PROMPT: Count how many lines below include the string "Grey". Only that number should appear in the reply.

┌─ MATERIAL SHOWN

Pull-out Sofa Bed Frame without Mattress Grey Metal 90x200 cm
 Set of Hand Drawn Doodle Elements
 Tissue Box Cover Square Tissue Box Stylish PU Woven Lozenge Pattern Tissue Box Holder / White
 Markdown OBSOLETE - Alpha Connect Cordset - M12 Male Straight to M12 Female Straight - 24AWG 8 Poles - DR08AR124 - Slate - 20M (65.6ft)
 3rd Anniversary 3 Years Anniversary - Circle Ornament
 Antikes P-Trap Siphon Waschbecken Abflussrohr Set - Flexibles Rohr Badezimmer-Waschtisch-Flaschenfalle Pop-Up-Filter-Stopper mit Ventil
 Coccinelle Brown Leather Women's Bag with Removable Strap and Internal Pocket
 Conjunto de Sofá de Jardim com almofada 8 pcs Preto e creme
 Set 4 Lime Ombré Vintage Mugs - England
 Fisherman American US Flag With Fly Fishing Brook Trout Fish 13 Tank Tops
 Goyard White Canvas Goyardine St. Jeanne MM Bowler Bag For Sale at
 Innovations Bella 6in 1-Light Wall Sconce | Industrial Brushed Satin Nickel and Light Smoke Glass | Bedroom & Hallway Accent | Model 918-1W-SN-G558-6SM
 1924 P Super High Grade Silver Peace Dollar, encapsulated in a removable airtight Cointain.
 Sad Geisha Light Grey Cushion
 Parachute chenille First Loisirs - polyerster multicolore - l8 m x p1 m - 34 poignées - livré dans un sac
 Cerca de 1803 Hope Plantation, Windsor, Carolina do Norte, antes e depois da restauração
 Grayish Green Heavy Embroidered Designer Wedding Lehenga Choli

└─

TASK OUTPUT: 2